He explains, “… I think in the early days, when cinema came out of the circus and the variety show and the fairground, it was a phenomenon that associated itself with the entire body and certainly with all five senses …”

Peter says his VJ performances are similarly designed to rouse the full gamut of senses and even inspire sweaty dance moves; it’s a sharp deviation from what he describes as traditional cinema’s lacklustre attempt to only reach two of our intelligences – the audio and the visual.

Peter’s outbursts against traditional, literary-based cinema are not newly formed. At 67, he has worked in film for more than 40 years, starting out as a painter and creating his first feature film at age 24, much to his parents’ chagrin (he knew from age 13 he would be an artist and essentially “ran away” to art school). It was his first narrative feature film, The Draughtsman’s Contract, completed in 1982, that established him internationally as an original filmmaker.

He has since made 12 feature films and more than 50 short-films and documentaries, with regular nominations for film festivals in Cannes, Venice and Berlin. He has also written opera librettos, published books and collaborated with composers of the calibre of Michael Nyman, Glenn Branca, Wim Mertens, Jean-Baptiste Barriere and Philip Glass.
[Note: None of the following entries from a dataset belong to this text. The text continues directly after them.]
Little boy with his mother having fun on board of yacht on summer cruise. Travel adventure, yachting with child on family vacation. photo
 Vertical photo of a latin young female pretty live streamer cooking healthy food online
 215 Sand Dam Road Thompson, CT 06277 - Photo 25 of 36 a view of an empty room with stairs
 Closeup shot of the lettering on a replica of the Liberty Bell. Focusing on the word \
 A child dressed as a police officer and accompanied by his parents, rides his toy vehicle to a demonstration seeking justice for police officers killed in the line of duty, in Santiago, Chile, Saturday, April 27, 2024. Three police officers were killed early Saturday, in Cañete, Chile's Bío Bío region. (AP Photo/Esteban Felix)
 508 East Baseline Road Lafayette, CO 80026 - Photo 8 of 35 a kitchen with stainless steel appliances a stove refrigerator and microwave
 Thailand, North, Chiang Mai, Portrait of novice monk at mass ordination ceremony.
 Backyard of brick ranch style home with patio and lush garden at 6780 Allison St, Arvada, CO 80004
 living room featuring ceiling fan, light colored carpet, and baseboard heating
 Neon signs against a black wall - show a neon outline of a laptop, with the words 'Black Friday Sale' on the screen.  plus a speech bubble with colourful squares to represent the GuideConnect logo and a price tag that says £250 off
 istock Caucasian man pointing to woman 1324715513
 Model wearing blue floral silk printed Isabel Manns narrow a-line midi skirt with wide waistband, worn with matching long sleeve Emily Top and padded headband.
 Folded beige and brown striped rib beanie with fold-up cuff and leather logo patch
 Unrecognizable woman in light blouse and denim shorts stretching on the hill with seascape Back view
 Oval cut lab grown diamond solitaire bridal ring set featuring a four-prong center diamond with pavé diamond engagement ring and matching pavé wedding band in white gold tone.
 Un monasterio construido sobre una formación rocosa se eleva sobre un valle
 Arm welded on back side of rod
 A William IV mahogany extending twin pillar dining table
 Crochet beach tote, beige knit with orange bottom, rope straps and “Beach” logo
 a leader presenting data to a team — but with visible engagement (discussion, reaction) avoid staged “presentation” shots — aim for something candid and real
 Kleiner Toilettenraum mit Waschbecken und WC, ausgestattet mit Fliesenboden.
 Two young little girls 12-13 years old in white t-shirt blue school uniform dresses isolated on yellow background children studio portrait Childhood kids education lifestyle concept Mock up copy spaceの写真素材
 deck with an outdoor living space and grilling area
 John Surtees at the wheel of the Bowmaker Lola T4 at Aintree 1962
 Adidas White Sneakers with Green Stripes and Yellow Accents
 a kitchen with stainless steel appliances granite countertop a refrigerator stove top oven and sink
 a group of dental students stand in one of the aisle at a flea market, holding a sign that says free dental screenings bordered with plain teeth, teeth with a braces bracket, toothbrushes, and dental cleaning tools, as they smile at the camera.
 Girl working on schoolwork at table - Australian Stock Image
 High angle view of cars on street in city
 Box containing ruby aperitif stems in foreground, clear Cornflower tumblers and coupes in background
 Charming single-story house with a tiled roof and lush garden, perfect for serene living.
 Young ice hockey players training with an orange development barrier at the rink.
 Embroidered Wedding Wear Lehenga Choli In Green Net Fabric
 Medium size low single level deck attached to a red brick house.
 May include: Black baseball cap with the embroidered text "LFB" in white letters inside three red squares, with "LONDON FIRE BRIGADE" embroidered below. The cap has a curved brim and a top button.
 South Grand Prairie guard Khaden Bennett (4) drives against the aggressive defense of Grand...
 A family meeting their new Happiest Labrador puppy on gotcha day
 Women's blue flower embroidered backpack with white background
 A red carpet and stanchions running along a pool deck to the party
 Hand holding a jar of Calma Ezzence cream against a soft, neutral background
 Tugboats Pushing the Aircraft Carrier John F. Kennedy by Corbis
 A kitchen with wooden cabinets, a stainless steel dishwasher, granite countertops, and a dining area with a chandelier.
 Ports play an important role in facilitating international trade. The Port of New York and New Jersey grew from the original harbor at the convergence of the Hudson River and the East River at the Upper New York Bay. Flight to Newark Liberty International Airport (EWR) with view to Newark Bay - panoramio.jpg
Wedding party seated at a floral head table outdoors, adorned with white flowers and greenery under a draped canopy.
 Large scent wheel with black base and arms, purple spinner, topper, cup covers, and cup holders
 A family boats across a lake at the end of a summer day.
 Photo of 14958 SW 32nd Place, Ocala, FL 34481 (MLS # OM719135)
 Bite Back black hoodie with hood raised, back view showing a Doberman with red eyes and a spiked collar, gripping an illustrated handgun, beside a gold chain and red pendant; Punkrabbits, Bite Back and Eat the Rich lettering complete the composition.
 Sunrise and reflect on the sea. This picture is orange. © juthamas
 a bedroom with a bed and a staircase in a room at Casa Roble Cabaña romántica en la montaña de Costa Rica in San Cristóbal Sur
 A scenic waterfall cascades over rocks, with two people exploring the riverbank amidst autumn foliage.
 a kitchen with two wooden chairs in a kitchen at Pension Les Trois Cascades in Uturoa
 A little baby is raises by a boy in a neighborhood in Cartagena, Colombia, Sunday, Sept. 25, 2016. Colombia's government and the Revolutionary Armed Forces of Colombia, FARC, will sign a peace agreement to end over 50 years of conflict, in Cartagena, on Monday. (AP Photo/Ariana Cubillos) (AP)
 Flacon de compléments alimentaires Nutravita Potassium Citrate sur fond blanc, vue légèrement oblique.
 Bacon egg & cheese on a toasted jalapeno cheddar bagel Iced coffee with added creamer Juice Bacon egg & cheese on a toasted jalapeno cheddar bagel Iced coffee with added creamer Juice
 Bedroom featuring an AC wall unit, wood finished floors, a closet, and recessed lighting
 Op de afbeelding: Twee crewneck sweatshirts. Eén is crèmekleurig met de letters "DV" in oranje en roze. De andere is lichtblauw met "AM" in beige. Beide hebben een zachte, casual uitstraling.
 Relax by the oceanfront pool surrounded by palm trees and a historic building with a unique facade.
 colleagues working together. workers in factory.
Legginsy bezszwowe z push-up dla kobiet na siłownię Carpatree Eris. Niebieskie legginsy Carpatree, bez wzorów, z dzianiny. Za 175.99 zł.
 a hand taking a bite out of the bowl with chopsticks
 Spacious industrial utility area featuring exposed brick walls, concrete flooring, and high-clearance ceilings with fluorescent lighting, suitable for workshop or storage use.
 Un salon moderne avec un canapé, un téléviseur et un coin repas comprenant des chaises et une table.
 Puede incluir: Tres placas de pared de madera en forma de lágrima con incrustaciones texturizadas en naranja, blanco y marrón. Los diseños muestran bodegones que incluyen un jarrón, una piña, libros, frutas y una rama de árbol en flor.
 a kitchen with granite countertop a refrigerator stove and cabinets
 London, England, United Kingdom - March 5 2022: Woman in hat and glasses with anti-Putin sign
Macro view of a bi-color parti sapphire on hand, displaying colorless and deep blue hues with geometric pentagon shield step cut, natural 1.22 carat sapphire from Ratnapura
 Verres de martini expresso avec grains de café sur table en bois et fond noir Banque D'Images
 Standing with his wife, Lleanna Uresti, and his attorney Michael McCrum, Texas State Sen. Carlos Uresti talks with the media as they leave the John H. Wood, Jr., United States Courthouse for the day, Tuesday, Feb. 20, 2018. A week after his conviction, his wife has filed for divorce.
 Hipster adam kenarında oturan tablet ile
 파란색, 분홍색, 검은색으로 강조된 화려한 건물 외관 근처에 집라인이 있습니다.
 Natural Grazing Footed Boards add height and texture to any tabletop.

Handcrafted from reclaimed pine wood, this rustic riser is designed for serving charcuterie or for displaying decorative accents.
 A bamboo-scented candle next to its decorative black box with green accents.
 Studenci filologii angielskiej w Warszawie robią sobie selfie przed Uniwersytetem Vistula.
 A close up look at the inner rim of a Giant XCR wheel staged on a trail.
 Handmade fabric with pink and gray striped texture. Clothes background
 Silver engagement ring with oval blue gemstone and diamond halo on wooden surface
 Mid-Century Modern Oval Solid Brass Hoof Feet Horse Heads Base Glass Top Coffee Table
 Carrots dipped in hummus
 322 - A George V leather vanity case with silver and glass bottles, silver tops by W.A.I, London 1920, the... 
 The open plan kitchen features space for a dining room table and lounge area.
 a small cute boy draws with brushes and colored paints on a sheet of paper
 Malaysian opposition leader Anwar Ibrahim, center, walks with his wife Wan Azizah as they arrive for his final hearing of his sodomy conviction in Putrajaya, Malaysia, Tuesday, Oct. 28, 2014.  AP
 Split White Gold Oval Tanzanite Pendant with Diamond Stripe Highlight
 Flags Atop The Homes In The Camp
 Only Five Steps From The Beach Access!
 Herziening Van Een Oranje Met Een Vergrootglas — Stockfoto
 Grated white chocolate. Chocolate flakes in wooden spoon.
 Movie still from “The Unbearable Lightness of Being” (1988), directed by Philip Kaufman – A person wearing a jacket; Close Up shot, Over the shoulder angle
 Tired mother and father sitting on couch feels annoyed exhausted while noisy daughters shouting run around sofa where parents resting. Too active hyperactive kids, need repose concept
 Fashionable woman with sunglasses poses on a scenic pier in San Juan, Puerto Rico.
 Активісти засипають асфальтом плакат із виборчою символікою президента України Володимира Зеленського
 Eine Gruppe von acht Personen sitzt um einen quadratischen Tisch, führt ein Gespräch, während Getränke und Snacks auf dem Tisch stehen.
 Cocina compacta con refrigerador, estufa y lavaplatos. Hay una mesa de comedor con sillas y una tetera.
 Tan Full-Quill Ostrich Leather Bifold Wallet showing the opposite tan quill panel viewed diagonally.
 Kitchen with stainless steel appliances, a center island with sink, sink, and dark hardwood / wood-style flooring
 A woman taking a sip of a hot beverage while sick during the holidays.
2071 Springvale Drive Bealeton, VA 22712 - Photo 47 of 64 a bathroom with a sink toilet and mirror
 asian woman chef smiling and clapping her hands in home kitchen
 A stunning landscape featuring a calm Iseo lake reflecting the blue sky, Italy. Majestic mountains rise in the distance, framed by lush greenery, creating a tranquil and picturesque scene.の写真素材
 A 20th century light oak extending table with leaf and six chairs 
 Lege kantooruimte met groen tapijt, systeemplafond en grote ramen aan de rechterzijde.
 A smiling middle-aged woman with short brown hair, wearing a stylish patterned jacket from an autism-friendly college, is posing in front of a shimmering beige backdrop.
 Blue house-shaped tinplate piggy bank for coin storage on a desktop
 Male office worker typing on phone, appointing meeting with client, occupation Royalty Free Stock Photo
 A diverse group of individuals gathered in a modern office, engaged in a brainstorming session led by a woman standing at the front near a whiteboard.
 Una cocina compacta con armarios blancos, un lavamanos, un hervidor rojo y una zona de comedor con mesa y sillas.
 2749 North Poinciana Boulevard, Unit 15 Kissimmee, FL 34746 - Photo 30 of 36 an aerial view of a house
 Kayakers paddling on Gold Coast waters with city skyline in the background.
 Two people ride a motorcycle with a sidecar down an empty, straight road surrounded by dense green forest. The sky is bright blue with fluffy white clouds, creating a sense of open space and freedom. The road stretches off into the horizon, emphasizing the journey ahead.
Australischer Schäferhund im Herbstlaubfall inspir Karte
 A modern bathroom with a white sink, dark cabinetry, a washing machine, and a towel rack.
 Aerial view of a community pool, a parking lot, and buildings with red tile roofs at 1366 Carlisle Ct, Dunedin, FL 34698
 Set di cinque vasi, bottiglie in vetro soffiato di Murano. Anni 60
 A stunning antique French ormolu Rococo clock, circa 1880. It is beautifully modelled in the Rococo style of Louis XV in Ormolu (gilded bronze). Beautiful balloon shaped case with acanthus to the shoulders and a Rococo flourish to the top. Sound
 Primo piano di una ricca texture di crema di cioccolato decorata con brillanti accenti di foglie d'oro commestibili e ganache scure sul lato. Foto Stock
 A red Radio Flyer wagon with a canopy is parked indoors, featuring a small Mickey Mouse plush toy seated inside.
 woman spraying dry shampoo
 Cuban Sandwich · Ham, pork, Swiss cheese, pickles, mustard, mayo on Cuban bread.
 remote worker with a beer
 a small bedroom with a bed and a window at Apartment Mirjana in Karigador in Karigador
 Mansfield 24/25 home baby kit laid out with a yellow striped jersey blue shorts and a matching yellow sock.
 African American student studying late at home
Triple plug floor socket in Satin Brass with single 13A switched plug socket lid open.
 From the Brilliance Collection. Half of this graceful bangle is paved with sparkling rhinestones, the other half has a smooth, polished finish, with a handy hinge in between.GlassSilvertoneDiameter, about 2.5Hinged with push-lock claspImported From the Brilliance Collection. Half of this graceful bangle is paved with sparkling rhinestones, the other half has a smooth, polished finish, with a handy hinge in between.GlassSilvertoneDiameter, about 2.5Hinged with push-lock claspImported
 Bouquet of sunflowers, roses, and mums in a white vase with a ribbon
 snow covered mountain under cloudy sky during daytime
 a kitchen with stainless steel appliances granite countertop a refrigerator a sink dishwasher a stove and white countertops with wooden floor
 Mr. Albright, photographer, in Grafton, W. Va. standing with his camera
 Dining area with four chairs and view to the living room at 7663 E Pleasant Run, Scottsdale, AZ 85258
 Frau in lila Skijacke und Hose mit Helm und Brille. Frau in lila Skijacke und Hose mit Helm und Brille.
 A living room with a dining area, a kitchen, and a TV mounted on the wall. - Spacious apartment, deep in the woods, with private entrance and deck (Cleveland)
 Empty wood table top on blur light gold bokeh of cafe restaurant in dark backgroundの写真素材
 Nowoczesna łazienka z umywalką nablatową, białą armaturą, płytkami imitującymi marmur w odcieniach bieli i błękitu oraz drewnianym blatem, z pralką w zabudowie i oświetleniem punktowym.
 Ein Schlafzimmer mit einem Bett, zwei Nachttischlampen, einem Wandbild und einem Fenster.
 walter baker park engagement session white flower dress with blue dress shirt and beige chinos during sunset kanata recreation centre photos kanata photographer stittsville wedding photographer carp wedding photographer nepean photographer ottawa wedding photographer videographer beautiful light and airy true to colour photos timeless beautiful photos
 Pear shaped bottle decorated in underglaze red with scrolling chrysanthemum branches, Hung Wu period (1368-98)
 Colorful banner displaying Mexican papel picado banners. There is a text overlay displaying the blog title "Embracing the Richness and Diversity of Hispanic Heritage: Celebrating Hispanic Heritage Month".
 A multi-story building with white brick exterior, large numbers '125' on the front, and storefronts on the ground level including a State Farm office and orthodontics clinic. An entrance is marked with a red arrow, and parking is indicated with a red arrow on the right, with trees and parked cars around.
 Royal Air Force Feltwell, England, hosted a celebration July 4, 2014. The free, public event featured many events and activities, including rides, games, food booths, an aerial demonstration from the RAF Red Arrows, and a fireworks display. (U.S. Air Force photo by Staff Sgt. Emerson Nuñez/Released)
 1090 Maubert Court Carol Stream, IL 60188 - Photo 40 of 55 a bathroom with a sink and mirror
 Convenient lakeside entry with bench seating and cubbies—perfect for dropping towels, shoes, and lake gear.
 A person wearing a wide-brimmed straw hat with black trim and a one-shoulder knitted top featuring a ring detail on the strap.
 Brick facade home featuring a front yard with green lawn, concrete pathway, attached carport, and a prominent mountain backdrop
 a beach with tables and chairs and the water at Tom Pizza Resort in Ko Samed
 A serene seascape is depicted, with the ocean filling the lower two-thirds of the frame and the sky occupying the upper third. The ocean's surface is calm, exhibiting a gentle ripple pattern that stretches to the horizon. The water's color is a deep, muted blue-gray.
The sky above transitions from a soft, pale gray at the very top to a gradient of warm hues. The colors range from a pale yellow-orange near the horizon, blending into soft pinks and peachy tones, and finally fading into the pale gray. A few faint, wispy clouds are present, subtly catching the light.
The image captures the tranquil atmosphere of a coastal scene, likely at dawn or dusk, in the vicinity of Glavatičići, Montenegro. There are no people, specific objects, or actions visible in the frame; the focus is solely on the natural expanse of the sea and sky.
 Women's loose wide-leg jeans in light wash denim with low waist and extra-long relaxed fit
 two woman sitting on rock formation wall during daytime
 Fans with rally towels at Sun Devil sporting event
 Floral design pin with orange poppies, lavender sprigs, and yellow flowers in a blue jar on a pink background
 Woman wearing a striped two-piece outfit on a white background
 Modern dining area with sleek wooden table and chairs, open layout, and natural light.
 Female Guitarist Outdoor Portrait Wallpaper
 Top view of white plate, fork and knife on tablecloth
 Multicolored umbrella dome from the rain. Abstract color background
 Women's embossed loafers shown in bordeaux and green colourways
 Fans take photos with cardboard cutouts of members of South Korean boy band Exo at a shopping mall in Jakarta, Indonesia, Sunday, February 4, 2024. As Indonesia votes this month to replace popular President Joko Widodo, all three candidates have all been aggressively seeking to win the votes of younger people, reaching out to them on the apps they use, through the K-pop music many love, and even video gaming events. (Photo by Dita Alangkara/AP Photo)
Peter personally regards visual art as his most rewarding focus, which of course influences his painterly film aesthetic. “I certainly was trained as a painter. I was never very interested in narrative in the cinema. I think cinema is a very poor storyteller and cinema knows this, that’s why it is always going back to the bookshop to find its stories. So I’ve always been fascinated in trying to make the most phenomenological form of cinema I could ever imagine.” Peter says that people still go to the cinema to be told a story, so if he didn’t feed them some tale he’d have lost his audience long ago. “I have to move slowly on this, so I guess for about 20 years I’ve been edging the stories away and trying to convince people that just because you’ve got eyes doesn’t mean you can see and, I suppose, without too much apology to say, ‘Look – visual properties are the main excitement, so let’s really exploit them’.”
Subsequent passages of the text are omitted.